Captioned web image data

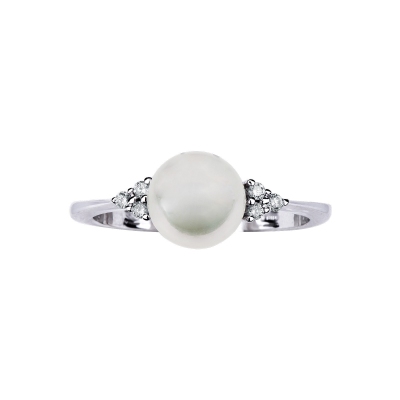 White gold 18k ring with pearl and diamonds on the sides 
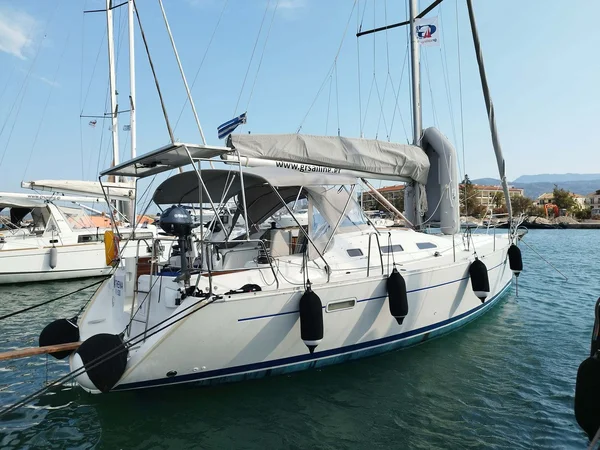 Oceanis 393 van GR Sailing op Lefkada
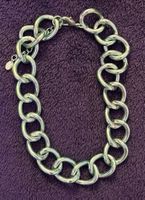 Mintfarbene Gliederkette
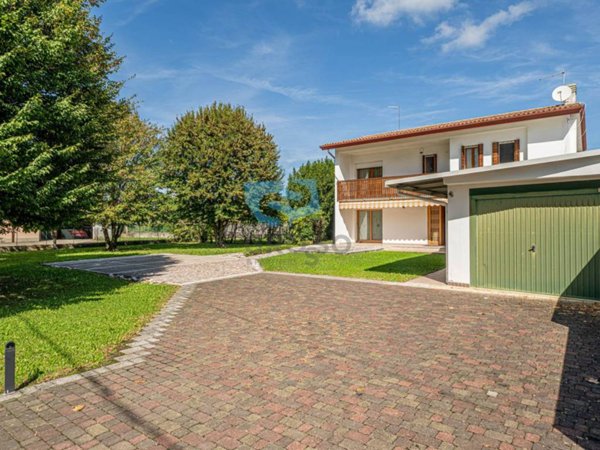 casa indipendente in vendita a Volpago del Montello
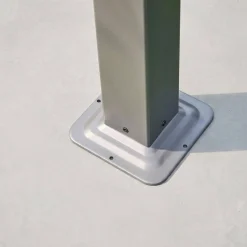 Pérgola bioclimática em alumínio e aço 3x4m com lâminas ajustáveis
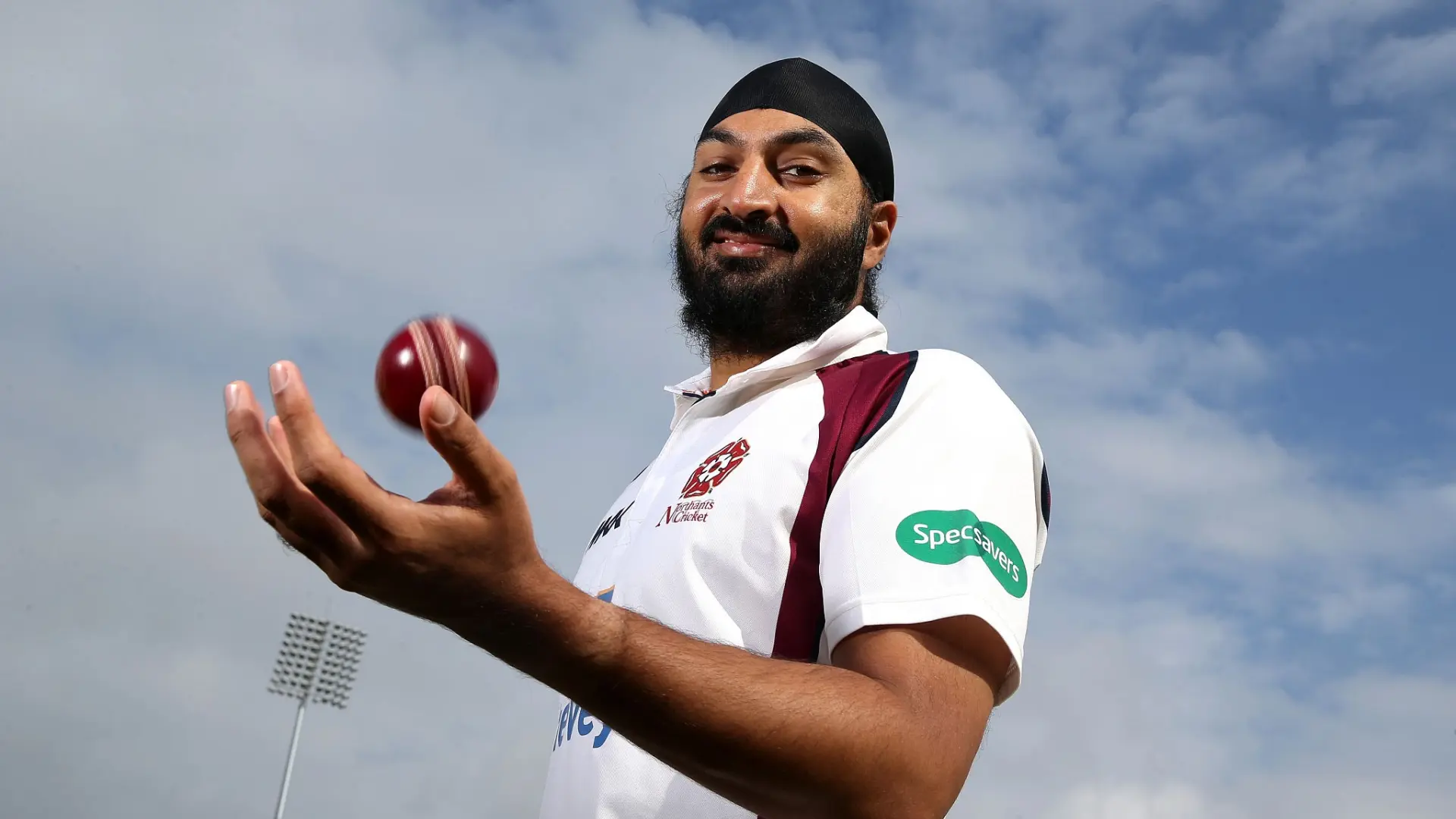 Qué fue de… Monty Panesar: el deportista que revolucionó el deporte británico más tradicional con su barba y su turbante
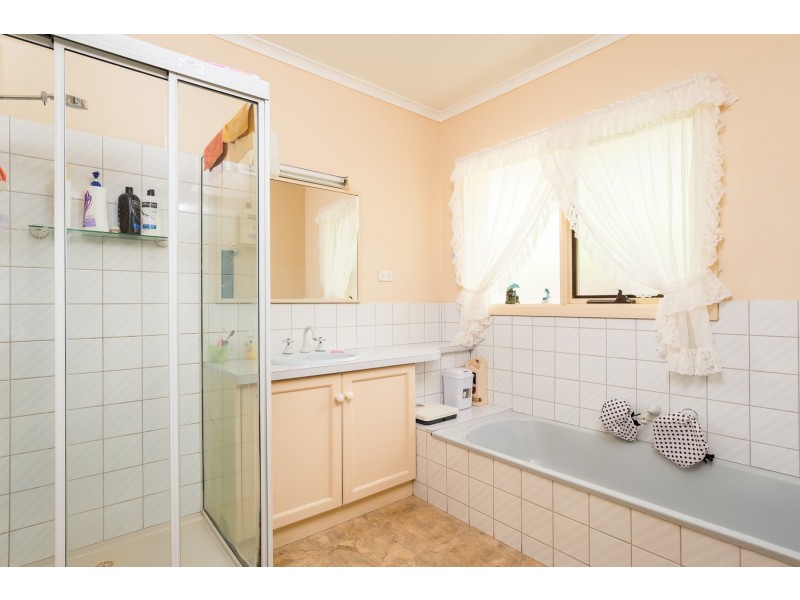 8 Massey Close, Mildura VIC 3500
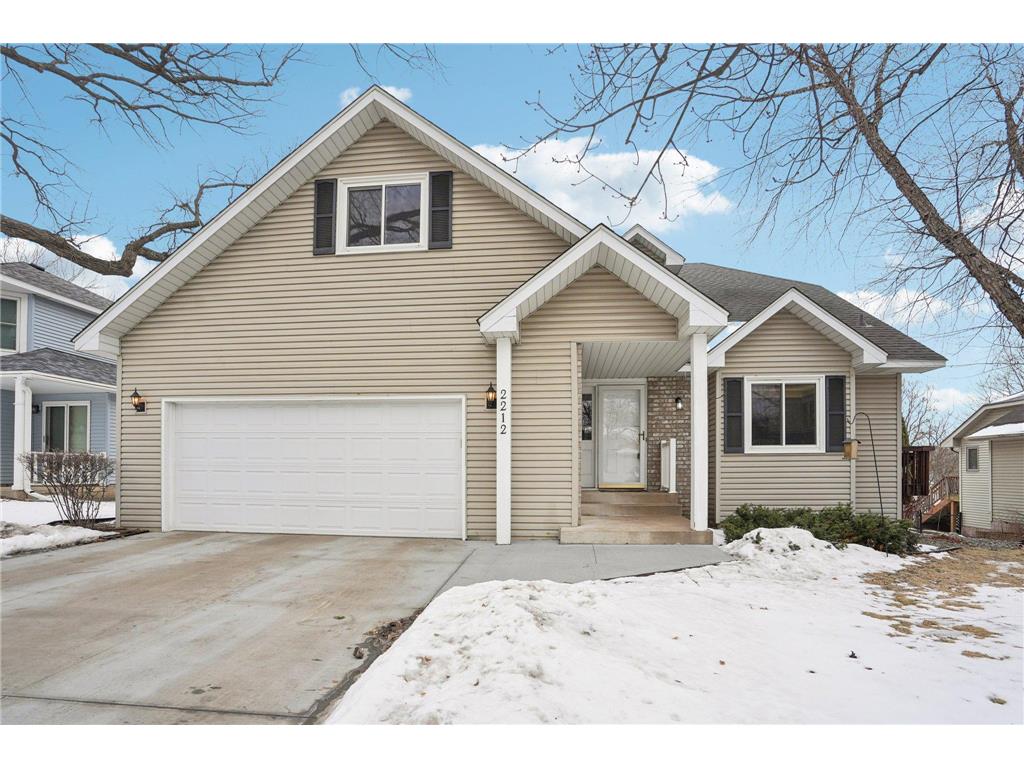 2212 Ariel Street N North Saint Paul MN 55109 6825393 image1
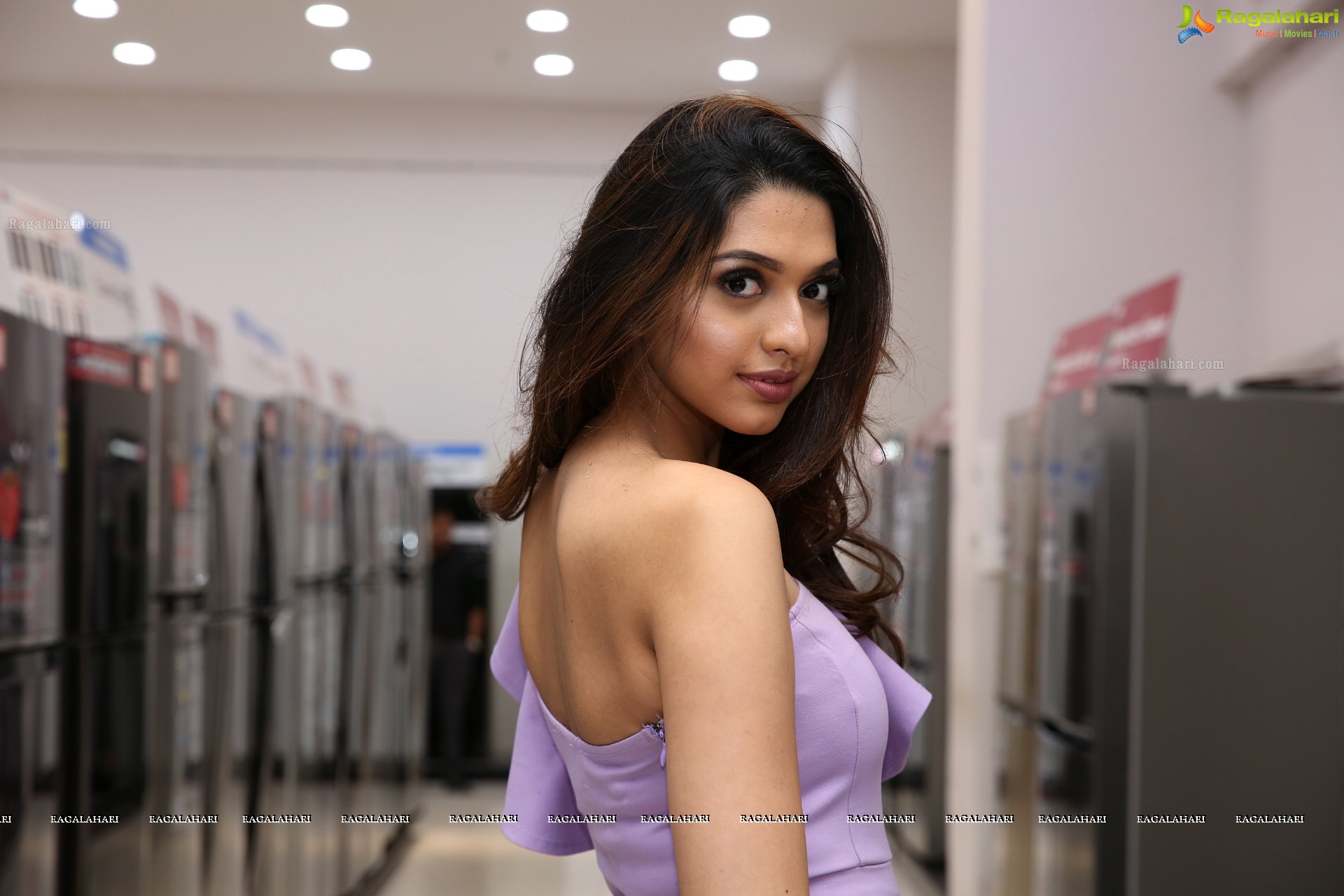 Mannat Singh at Redmi Galaxy Note 5 Unveiling - HD Gallery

* _What the exercise asks_: Each line of the data must be transcribed exactly; pictures are not carried over.

* _Exercise output_:
 White gold 18k ring with pearl and diamonds on the sides 
 Oceanis 393 van GR Sailing op Lefkada
 Mintfarbene Gliederkette
 casa indipendente in vendita a Volpago del Montello
 Pérgola bioclimática em alumínio e aço 3x4m com lâminas ajustáveis
 Qué fue de… Monty Panesar: el deportista que revolucionó el deporte británico más tradicional con su barba y su turbante
 8 Massey Close, Mildura VIC 3500
 2212 Ariel Street N North Saint Paul MN 55109 6825393 image1
 Mannat Singh at Redmi Galaxy Note 5 Unveiling - HD Gallery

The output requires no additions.